Comment by Milian Wolff (2009-02-24 23:00:00)
rewrite has started and is usable imo, take a look at http://milianw.de/code-snippets/take-2-download-script-for-springerlinkc…
Comment by Faro (not verified) (2009-02-20 17:10:00)
Thank you for your fix. It now works… but i’ve discovered some problems with books spread on more than one page: like this one:
http://springerlink.com/content/t64382/?p=a10f1da5c8604081a487cfce67924074
do you have any idea for this to solve?
By the way if included
pdftk
echo $( ls |sort -n)cat output ../"$title".pdf
to merge the PDF files into one file. The ordering is done by sort -nComment by Milian Wolff (2009-02-23 16:07:00)
Great idea, I’ll add that since that will make “Go to page” work once again.

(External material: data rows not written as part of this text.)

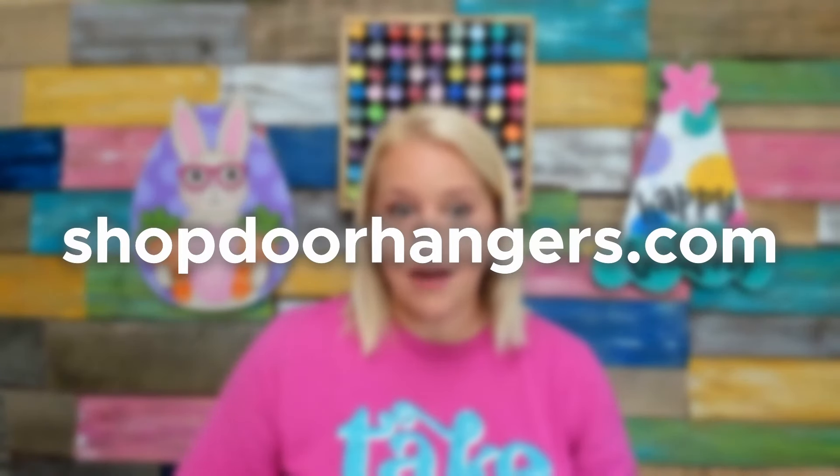If you enjoyed this video and want to learn more about door hanger painting, be sure to hit that subscribe button and don't forget to like this video to help us out. Don't forget to visit the freebies section of our website — we have a free mini course that will walk you through all that we've talked about today step by step, layer by layer, so that you will have a joyful painting experience. You can find all that and more at southernadornmentsdecor.com.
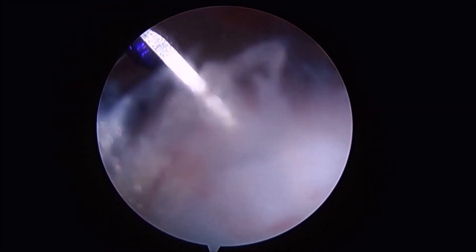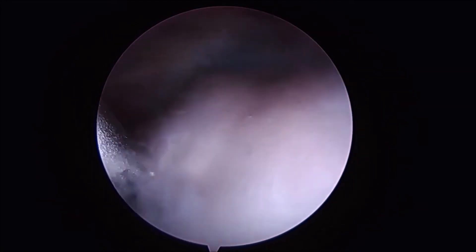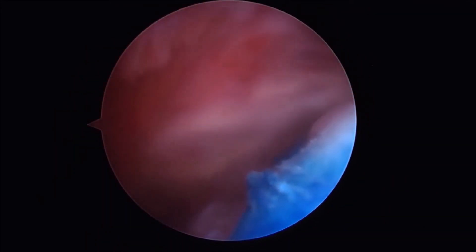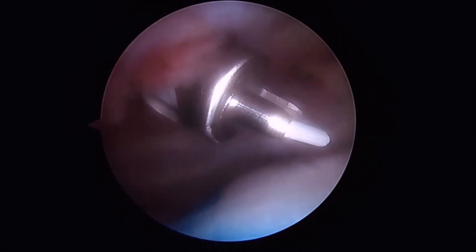As we work medial and lateral we can then secure the graft into place to allow for removal of the insertion guide. Once the graft has been secured along the medial margin we can then allow access to the lateral aspect of the graft along the footprint.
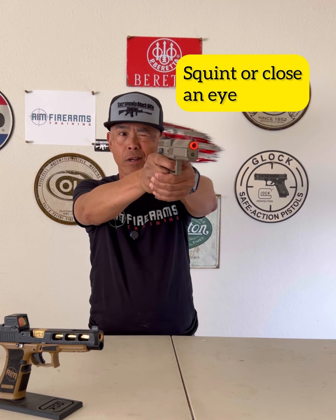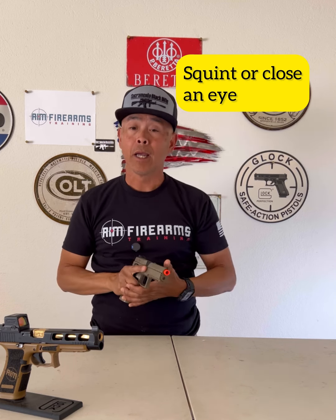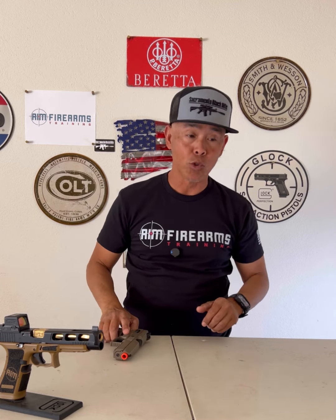I had a Pistol One student ask me in class, is it okay to squint an eye when I shoot? And my answer to that was, absolutely. Do whatever it takes to make that hit. The whole point of shooting is to hit your target.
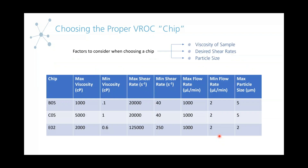You always want to make sure you're using the correct VROC chip for your measurements. Some things to consider when deciding which chip to use are: what is the viscosity range of your samples, what desired shear rates do you want to test at, and what are the particle sizes of your samples. For example, the B05 chip has a max viscosity of 1,000 and you can go up to a max shear rate of 20,000. But if you wanted to go at a higher shear rate, you'd want to use something like the EO2 chip. The B05 also has a max particle size of 5 microns, while the EO2 only has 2.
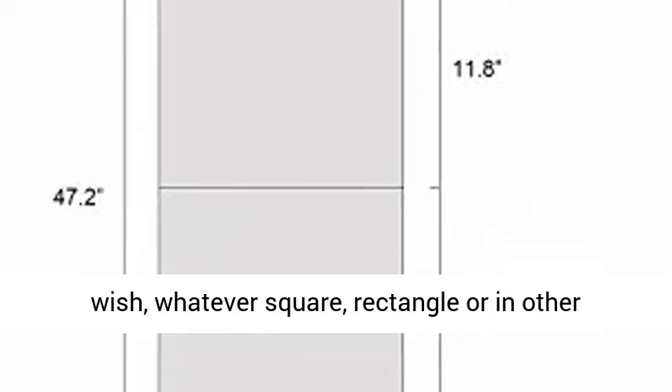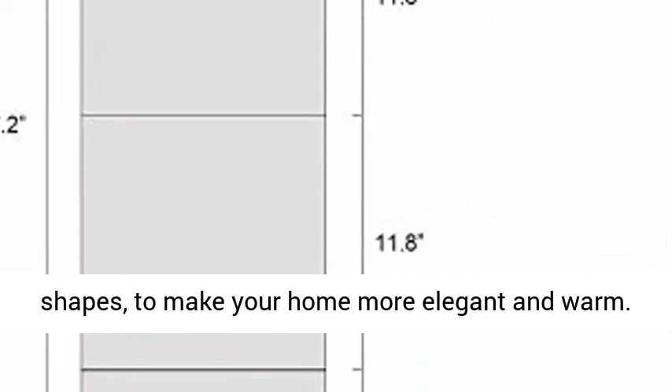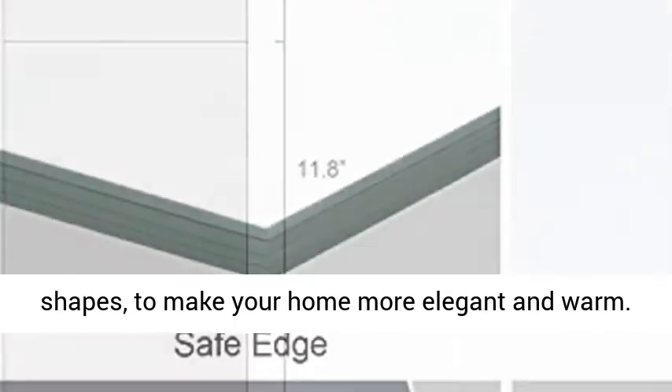D-Free Display — can be combined as you wish, whatever square, rectangle, or in other shapes, to make your home more elegant and warm.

Comment by Faro (not verified) (2009-02-19 23:03:00)
Hi…
did springer change something or does my script do something wrong?
i always get:
Please wait, link source is being downloaded…ok - done Validating link source…ok - done unknown link type ”
Thank you for your help
Comment by Milian Wolff (2009-02-20 01:43:00)
Thanks for the hint, I fixed it. You can find an updated version above.

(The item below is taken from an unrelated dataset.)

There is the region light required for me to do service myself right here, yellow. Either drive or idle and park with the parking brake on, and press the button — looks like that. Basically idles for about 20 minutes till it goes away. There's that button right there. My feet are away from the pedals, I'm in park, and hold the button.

Comment by Andreas (not verified) (2008-12-15 18:20:00)
Hi, thank you very much for your helpful script! However I did found a small bug: once a book contains several chapters with the same name, only the first chapter is downloaded and the others are being omitted. This is an example: http://springerlink.com/content/lp46u2/?p=4315112f571546c79595e6d1dd7552…
I tried to add numbers into the “chapter”-line, but this only gave me the numbers in the filenames. The script insisted on downloading only the first chapter.
Cheers (and thanks again), Andreas
Comment by Milian Wolff (2009-01-09 16:53:00)
Ok, the Script was updated and should handle chapter numbers now correctly. Also it handles single book-chapter downloading well.
Comment by Andreas (not verified) (2009-02-27 17:34:00)
Thanks! With the new version I’ll be able to get the rest of the interesting books on math&physics.
Cheers, Andreas
Comment by Milian Wolff (2008-12-20 14:49:00)
I’ll look into it and update the script. Thanks for the report!